Perempuan dan Skandal Peradilan

Saya pribadi sangat terpikat pada tema kegigihan para perempuan di pesisir pantai utara Jawa. Permainan gemilang ditunjukkan pemeran Nyik Girah Tamsil yang identik betul dengan karakter orang pesisir: kritis, terbuka dan dinamis. Juga penataan artistik pohon kerontang dengan sebilah layangan nyangkut di sisa rantingnya. Terkadang saya tidak pedulikan dialog para pemain yang bolak-balik mendorong kursi agung, karena dengan demikian adegan ini mengingatkan saya pada film The King’s Speach, arahan Tom Hooper, pada saat di depan kursi raja Inggris, putra mahkota yang gagap diminta latihan pidato. Di tangan seorang psikiater yang pintar, sang putra mahkota akhirnya mampu mengeksplorasi diri dengan baik.

Bagaimana sebetulnya mereka selaku kepala keluarga, yang bertanggungjawab penuh pada kelangsungan hidup juga pendidikan anak-anak mereka. Para perempuanlah para penjaga keseimbangan dan kematangan hidup sepanjang hari di daratan, sementara suami-suami mereka pergi ke lautan selaku nelayan-nelayan yang terbelit suatu sistem yang entah mengapa menempatkan keluarga mereka dalam kemiskinan struktural. (Kusnadi, Akar Kemiskinan Nelayan, LkiS 2003)

Tokoh Wak Ayam Camik (Wina Bojonegoro), lintah darat, pengelola jasa pegadaian partikelir serta pengijon yang licin menjadi pembuka ruang-ruang koruptif masyarakat jaring mata rantai ekonominya. Kelihaian Wak Ayam Camik dalam bermain atas dan bermain bawah dalam suatu sistem atau ruang-ruang koruptif masyarakat tersebut ketika terkena pasal kriminal, akhirnya menyeret Kepala Penjara Alsiponsi (Desemba), Kepala Kejaksaan Dimas Yahwe (Nanang Ariyono), Pengacara Mr Mamok (Aming Aminuddin) dan Mimin (Deny Tri Aryanti) yang turut terlibat merekayasa peristiwa.
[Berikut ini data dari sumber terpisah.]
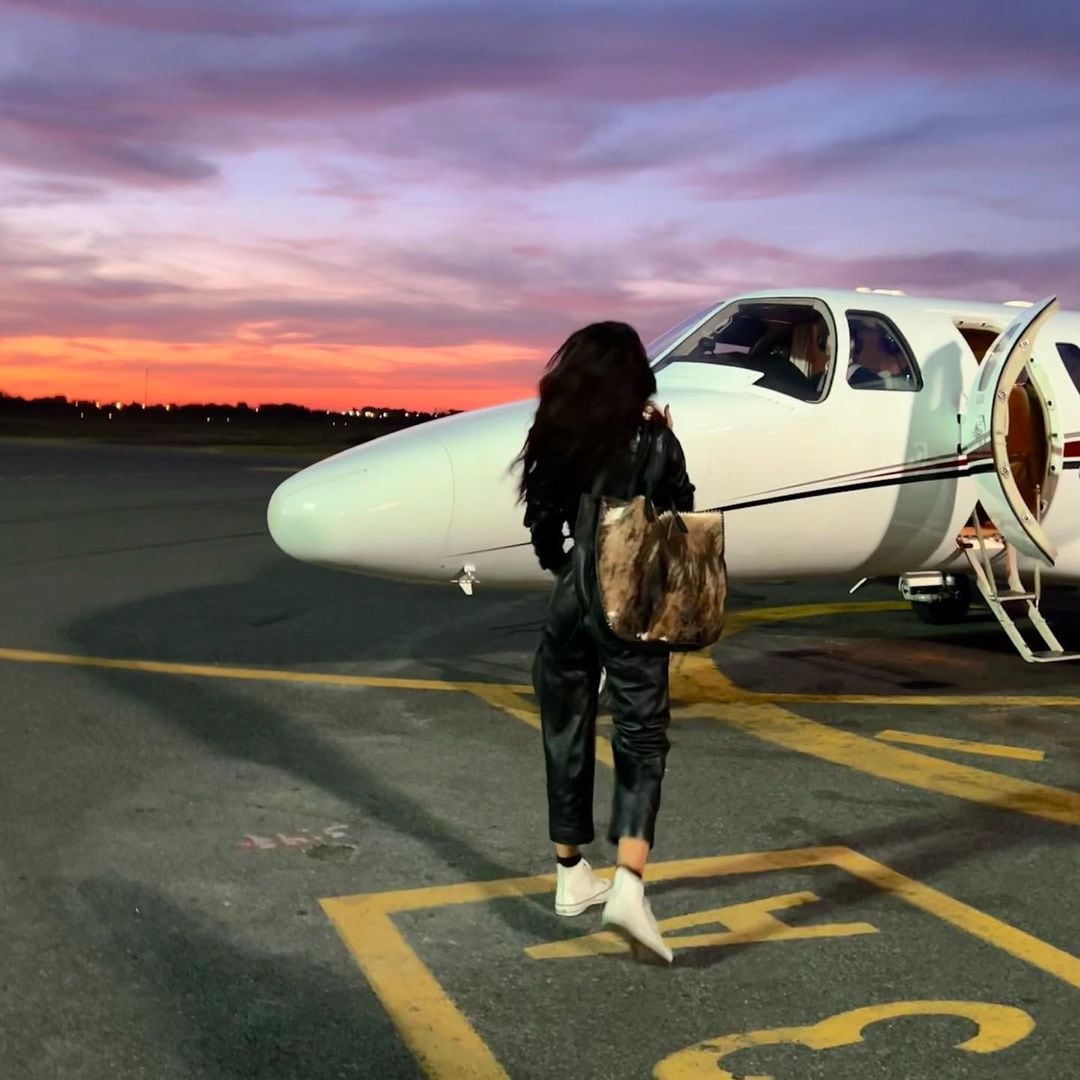 De espalda y casual, Zaira Nara posa en el aeropuerto.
Sebuah peristiwa yang sangat mengejutkan dunia hukum di negeri siapapun tentunya: perjokian narapidana.

Konteks peristiwa dalam dunia hukum kita yang mengejutkan, melalui teater, tentunya kita berharap akan mengunduh ruang-ruang yang luang terjadinya tindak koruptif dari peristiwa baru teater. Dan sudah barangtentu untuk mengidentifikasi pencegahan diri. Dengan kata lain, seluruh dari kompleksitas ruang-ruang tersebut sejak ruang kosong, ruang imajinatif maupun ruang-ruang estetis maupun artistik, terlebih ruang dari dunia keseharian kita yang tercermin dari Skolah Skandal semuanya tersedia bagi setiap perilaku koruptif. Bukan hanya harta benda, harkat martabat, nyawa yang digadaikan (disekolahkan) melainkan juga persamaan hak dan kewajiban di depan hukum.

Pada teater Skolah Skandal Wak Ayam Cawik membayar joki napi Rp 10 Juta atas kasusnya untuk menghindari penjara sebagai tebusan alias “sekolah” dirinya pada sistem peradilan dan hukum negeri Boh. Sebagaimana umumnya teater tutur, pertunjukkan ini ditutup dengan pelbagai pesan moral biarpun barangkali agak absurd untuk ditangkap benarkah mereka bicara moral. Terlebih lagi, pelbagai pesan itu justru disampaikan tokoh-tokoh dalam teater mereka sendiri.[]


*) Penulis adalah peminat teater, tinggal di Lamongan.